Depuis 2016, la suppression de la valeur locative fait l‘objet d‘intenses débats sur la scène politique dans le cadre d‘un projet baptisé «changement de système d‘imposition de la propriété du logement». La Commission du Conseil des États (CER-E) a élaboré un projet de loi qui vise à supprimer l‘imposition des biens résidentiels pour les résidences principales – en ce qui concerne les résidences secondaires, telles que les appartements de vacances, la valeur locative devrait encore être taxée. Le Conseil fédéral s‘est prononcé à ce sujet lors de sa séance du 25 août 2021 et a déposé trois amendements:

1. Changement complet de système: la valeur locative est également supprimée pour les résidences secondaires.
2. Déduction de la dette: les intérêts passifs doivent toujours pouvoir être déduits s‘ils servent à gé nérer un revenu imposable. La renonciation totale à la déduction des intérêts passifs n‘est pas conforme au système.
3. Économies d‘énergie et déductions environnementales: pour atteindre les objectifs climat 2050, les rénovations énergétiques doivent continuer à bénéficier d‘un traitement fiscal préférentiel.

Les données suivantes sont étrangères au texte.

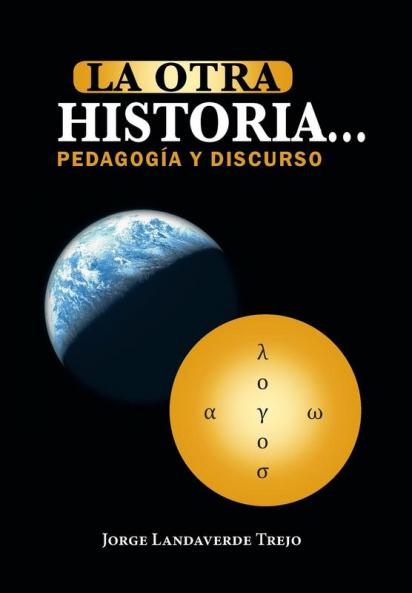 La Otra Historia... Pedagogia y Discurso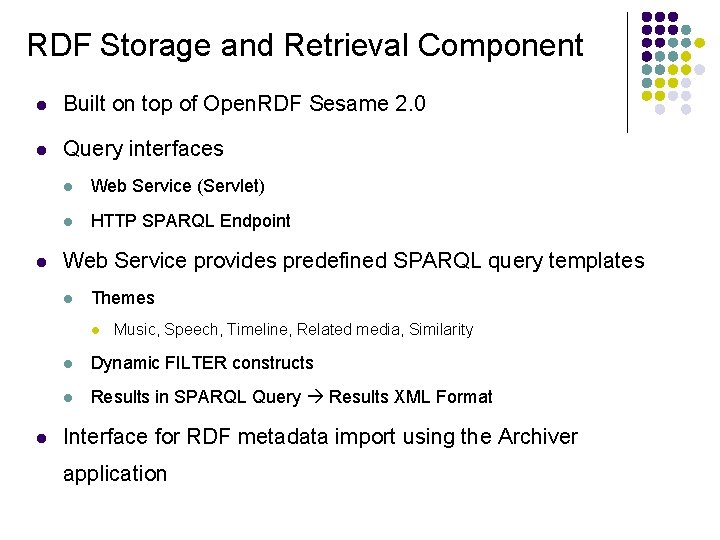 RDF Storage and Retrieval Component l Built on top of Open. RDF Sesame 2.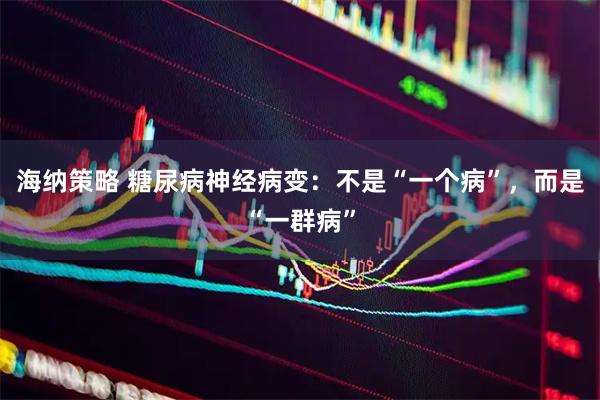 海纳策略 糖尿病神经病变：不是“一个病”，而是“一群病”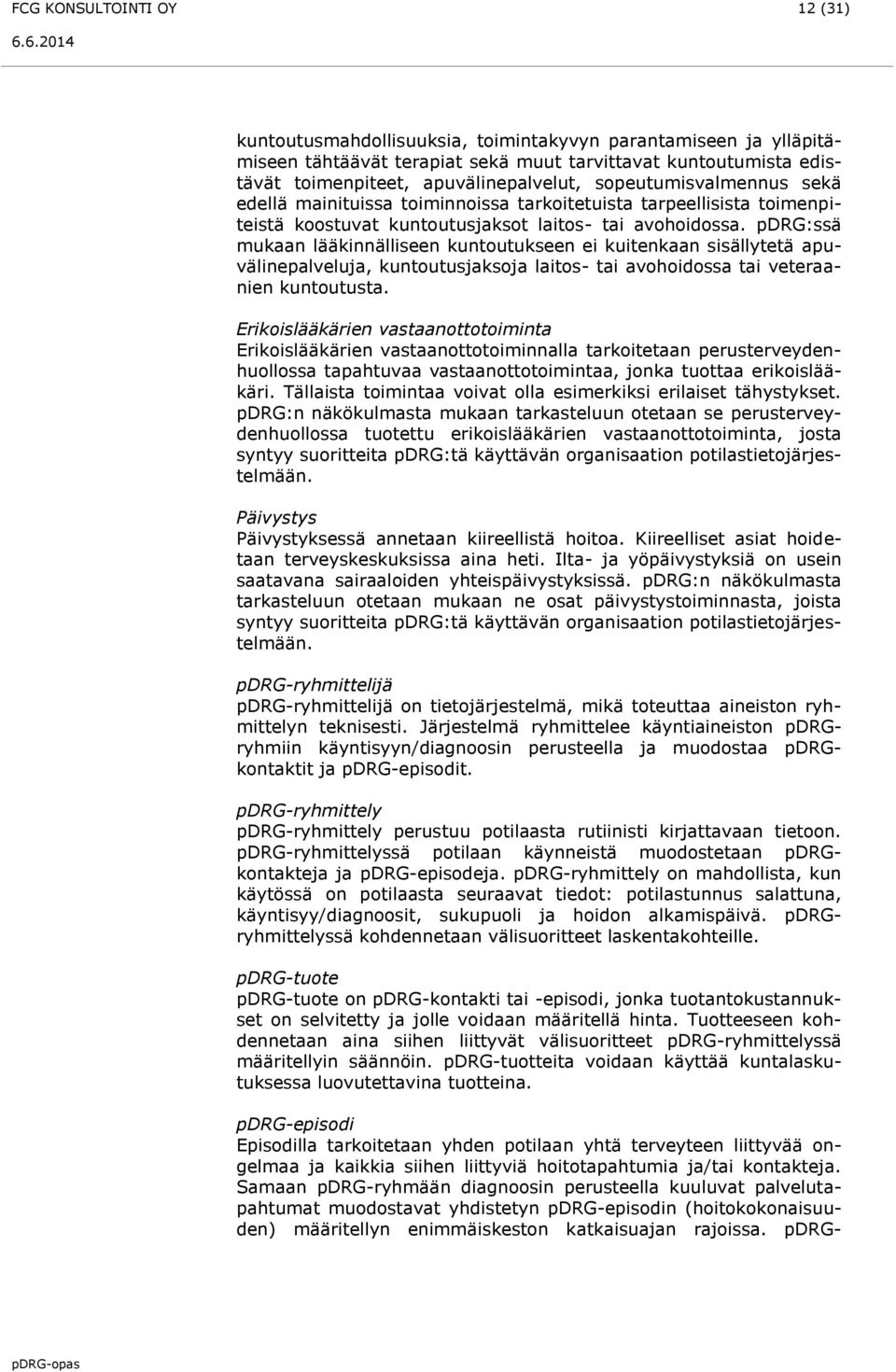 pdrg:ssä mukaan lääkinnälliseen kuntoutukseen ei kuitenkaan sisällytetä apuvälinepalveluja, kuntoutusjaksoja laitos- tai avohoidossa tai veteraanien kuntoutusta.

Le projet de loi a été adopté par le Conseil des États le 17 septembre 2021 par 20 voix contre 17 et 2 abstentions, bien que la plupart des gouvernements cantonaux s‘opposent au changement de système. Le projet de loi va maintenant être examiné par le Conseil national. Le débat politque sur le changement de système n‘est pas encore terminé. On peut légitimement se demander dans quelle mesure le Conseil national, le Conseil des États et le Conseil fédéral parviendront à trouver un terrain d‘entente.

Gagnants et perdants du changement de système

Les propriétaires qui ont entièrement amorti leur emprunt hypothécaire et qui n‘effectuent pas de gros travaux d‘entretien profiteront d‘un changement de système. Il s‘agit en premier lieu des retraités qui sont propriétaires de leur logement.

Les perdants sont une fois de plus les primo-accédants qui doivent s‘endetter lourdement. Les acquéreurs de biens anciens sont également désavantagés, car les travaux de rénovation ne sont plus déductibles des impôts. Les travaux de rénovation permettent aujourd‘hui de réduire les impôts sur le revenu et de lisser quelque peu la progressivité fiscale, surtout en fin de carrière professionnelle. Un changement de système entraînerait également la fin de ces possibilités.

Il convient donc de déterminer les objectifs à atteindre et les mesures à prendre. Le régime actuel de la valeur locative offre de grandes certitudes juridiques et la question se pose donc de savoir quel degré d‘incertitude juridique nous sommes prêts à accepter dans les années à venir.